So you are upset your girlfriend has cookies that save after using the web?  

Install deepfreeze, it will restore it to specific state every single reboot. Problem solved. Otherwise get over it, welcome to the internet, cookies aren't hurting your computer.


----------



## Silas Woodruff (Feb 6, 2017)

Could always try https://addons.mozilla.org/en-US/firefox/addon/self-destructing-cookies/, kills cookies as soon as you close the tab, it also has a white list feature.


----------



## remixedcat (Feb 6, 2017)

cdawall said:


> So you are upset your girlfriend has cookies that save after using the web?
> 
> Install deepfreeze, it will restore it to specific state every single reboot. Problem solved. Otherwise get over it, welcome to the internet, cookies aren't hurting your computer.


reboot restore rx does the same and it's free deepfreeze now is not free


----------



## knightsilver (Feb 7, 2017)

Some of us dont like ads, trackers or Facebook. I hate ads.......


----------



## cdawall (Feb 7, 2017)

knightsilver said:


> Some of us dont like ads, trackers or Facebook. I hate ads.......



If you don't like facebook, yet your girl uses it sounds like you are out of luck unless you find a new girl. I wouldn't ask her to reinvent life just because you think the world is out to get you.


----------



## knightsilver (Feb 7, 2017)

Topic reads, running your browser in a vm?  Besides running a noscript, im sure they'r ways to hold FB, tracking cookies at bay, at least to a point with inside a VM, maybe in a VM & Ramdisk?


----------



## Halo3Addict (Feb 7, 2017)

I just use Ghostery Opera/Chrome extension and AdBlock. Blocks all trackers. Not sure why you would want to set up a VM just for Facebook access


----------



## eidairaman1 (Feb 7, 2017)

knightsilver said:


> Some of us dont like ads, trackers or Facebook. I hate ads.......

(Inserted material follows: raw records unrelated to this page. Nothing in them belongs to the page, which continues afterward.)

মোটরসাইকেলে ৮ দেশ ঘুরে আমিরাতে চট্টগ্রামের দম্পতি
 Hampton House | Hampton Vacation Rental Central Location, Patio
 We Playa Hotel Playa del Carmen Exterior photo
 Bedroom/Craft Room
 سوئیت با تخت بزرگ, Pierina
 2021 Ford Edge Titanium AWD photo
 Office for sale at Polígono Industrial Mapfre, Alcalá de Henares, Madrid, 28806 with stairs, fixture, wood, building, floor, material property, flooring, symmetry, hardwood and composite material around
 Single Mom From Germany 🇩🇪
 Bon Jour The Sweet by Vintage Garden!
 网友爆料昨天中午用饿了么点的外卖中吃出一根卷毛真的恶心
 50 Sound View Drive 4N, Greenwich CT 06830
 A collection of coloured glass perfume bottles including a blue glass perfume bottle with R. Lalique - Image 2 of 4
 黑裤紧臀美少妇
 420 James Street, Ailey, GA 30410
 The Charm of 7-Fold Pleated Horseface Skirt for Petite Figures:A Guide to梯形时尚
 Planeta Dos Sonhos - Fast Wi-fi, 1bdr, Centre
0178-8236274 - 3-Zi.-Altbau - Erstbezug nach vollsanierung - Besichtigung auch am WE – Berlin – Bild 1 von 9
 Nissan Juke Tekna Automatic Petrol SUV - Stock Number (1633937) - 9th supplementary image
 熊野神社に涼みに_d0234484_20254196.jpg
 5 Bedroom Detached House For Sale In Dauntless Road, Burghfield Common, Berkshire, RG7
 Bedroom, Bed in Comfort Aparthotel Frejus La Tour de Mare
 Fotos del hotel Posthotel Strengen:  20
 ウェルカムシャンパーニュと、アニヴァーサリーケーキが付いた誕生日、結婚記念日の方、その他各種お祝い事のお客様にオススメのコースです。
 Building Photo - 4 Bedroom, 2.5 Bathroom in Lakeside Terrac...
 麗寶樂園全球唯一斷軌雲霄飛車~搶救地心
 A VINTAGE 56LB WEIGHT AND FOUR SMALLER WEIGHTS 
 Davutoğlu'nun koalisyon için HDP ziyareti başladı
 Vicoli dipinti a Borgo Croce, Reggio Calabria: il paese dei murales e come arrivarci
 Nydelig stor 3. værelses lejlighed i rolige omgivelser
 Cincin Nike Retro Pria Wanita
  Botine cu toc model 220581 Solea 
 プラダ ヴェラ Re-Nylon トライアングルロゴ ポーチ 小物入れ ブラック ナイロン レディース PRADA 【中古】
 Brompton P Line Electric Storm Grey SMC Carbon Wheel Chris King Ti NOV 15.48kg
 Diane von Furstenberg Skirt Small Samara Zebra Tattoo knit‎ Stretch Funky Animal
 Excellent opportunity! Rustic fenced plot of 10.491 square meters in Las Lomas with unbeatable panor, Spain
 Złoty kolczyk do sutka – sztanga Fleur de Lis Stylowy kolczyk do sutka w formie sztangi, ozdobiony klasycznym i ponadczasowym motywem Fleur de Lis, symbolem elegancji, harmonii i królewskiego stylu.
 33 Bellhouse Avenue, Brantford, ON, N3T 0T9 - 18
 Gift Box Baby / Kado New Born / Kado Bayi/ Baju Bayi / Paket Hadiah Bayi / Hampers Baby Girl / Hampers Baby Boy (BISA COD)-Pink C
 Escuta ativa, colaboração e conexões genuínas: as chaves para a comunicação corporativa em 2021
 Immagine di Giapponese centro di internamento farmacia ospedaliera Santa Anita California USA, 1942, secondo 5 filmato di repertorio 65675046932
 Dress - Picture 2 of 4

Get noscript for use on firfox, get spyware blaster as an additional layer of protection for all browsers, install a webbrowser on a USB thumbdrive.

Worst case stop using the internet altogether.


----------



## Derek12 (Feb 7, 2017)

Install VMware Player or Virtualbox, VMware being faster in my experience

Create a VM with sufficent RAM HD and all CPU cores

Install Ubuntu/Linux Mint/Debian or some lightweight distro with Xcfe or LXDE
Install VMware/Virtualbox tools

Almost any distro comes with Firefox
Install Ublock Origin/Noscript/Ghostery
Disable cookies with a whitelist/use private browsing.

In my experience, running a browser through a VM can slow down scrolling smoothness, video playback and increase ping delay


----------



## cdawall (Feb 7, 2017)

knightsilver said:


> Topic reads, running your browser in a vm?  Besides running a noscript, im sure they'r ways to hold FB, tracking cookies at bay, at least to a point with inside a VM, maybe in a VM & Ramdisk?



Unless you reset the vm everytime no. There will still be cookies saved. 

I really hope you have a cellphone.


----------



## blobster21 (Feb 7, 2017)

There's also this interesting way to surf faster/safer : https://www.techpowerup.com/forums/threads/pi-hole.227296


----------



## Derek12 (Feb 7, 2017)

blobster21 said:


> There's also this interesting way to surf faster/safer : https://www.techpowerup.com/forums/threads/pi-hole.227296


Hmm interesting thing, specially for multiple devices on a network.
That also means that no browser extension will consume resources on any machine.


----------